Scènes de liesse dans les rues de Tunis et de ses environs. En plein couvre-feu, la population est sortie pour célébrer l’annonce du président de la République, Kaïs Saïed, qui a indiqué qu’il activait l’article 80 de la Constitution. Un article qui indique que, « en cas de péril imminent menaçant les institutions de la nation et la sécurité et l’indépendance du pays et entravant le fonctionnement régulier des pouvoirs publics, le président de la République peut prendre les mesures nécessitées par cette situation exceptionnelle ». Le président profite du flou constitutionnel, marqué par l’absence de Cour constitutionnelle, pour activer l’article 80.

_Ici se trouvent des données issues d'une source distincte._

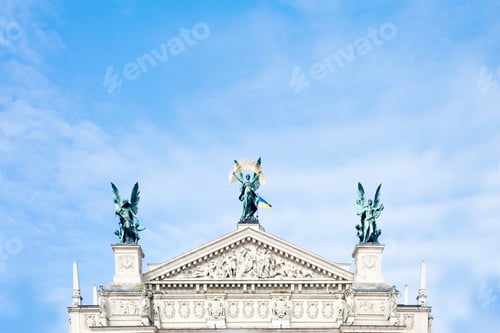 Preview: Sculptures on facade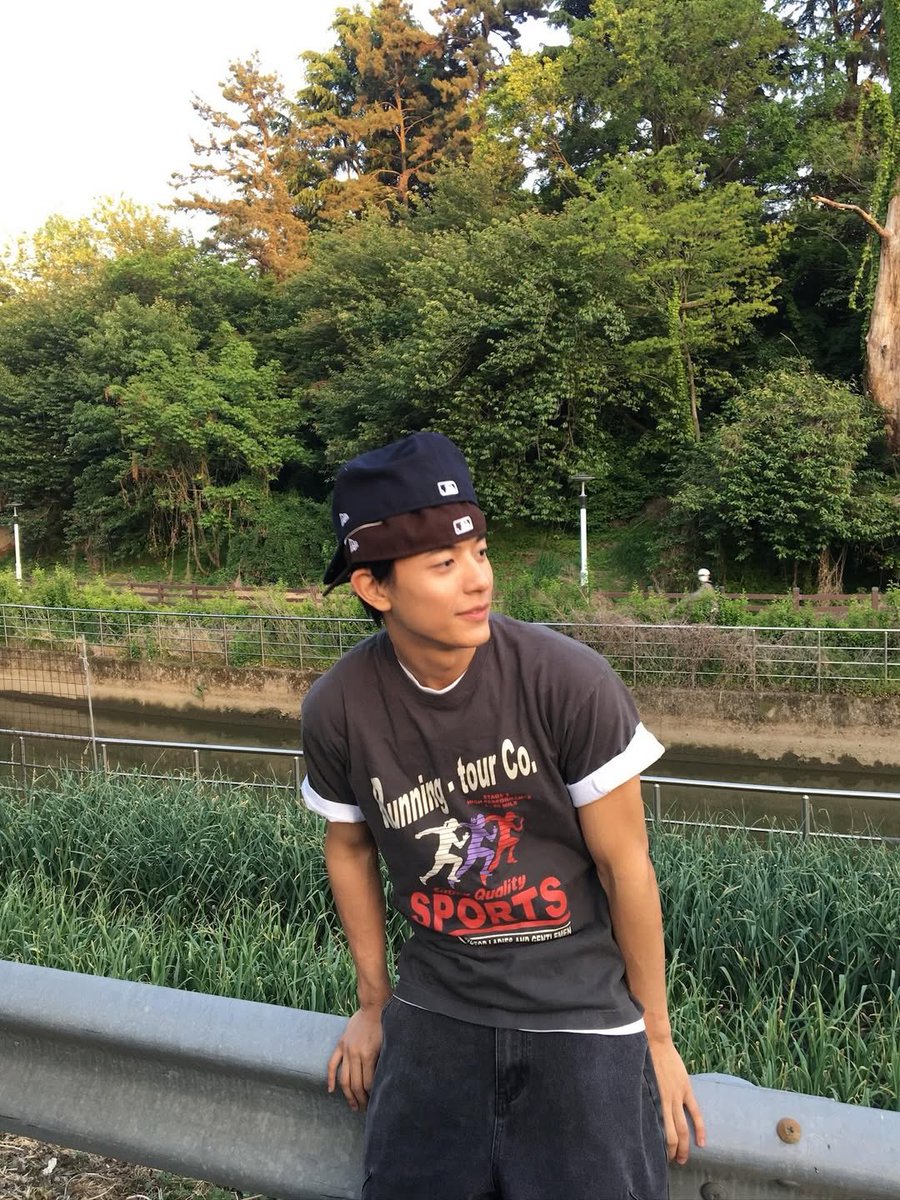 for 로몬이 tweet media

Ce dimanche soir, le chef de l’Etat a fait plusieurs annonces, lors d’une réunion d’urgence avec des dirigeants militaires. Il a dans un premier temps décidé de geler les travaux du Parlement — une dissolution de l’Assemblée des représentants du peuple est impossible. Il a également annoncé la levée de l’immunité concernant tous les députés et assure qu’il fera en sorte que la justice s’occupe des députés empêtrés dans des affaires, en dirigeant lui-même le Ministère public. Il a, enfin, limogé son chef du gouvernement Hichem Mechichi. Autrement dit, Kaïd Saïed prend tous les pouvoirs en main : aussi bien l’exécutif que la justice. Dans un communiqué, la présidence précise que ces mesures sont applicables pendant trente jours.
Ennahda sous tension
Le président, en conflit avec son chef du gouvernement et avec le mouvement Ennahda, estime qu’il s’agit d’une série de décisions « que nécessite la situation afin de sauver la Tunisie, l’Etat et le peuple tunisien ». Selon Kaïs Saïed, « nous traversons des moments très délicats dans l’histoire de la Tunisie ». Il affirme qu’il « se chargera du pouvoir exécutif avec l’aide d’un gouvernement dont le président sera désigné par le chef de l’Etat ». Selon nos informations, la situation est électrique à Montplaisir, au siège d’Ennahda. Le mouvement islamiste, qui s’était réuni ce soir, dénonce un « coup d’Etat ». Les sièges du mouvement à Kébili et Béja auraient été pris d’assaut par les populations locales. Ennahdha a appelé le peuple à « restaurer la démocratie » par des moyens pacifiques.
En mai, un article de Middle East Eye indiquait que « les principaux conseillers de Kaïs Saïed ont exhorté le président tunisien à prendre le contrôle du pays au gouvernement ». Le magazine en ligne s’appuyait alors sur une note prétendument rédigée par les conseillers du président tunisien. Un « coup d’Etat constitutionnel » était envisagé, selon le jouraliste de MEE. Kaïs Saïed, après trois jours, avait fini par prendre la parole pour assurer que ni lui ni ses proches n’étaient « partisans d’un coup d’Etat, ni de ceux qui dérogent aux règles de la légitimité, mais nous sommes plutôt en faveur de la complémentarité entre les institutions ». Une réponse floue qui montre, aujourd’hui, que le président comptait bien prendre tous les pouvoirs à court terme.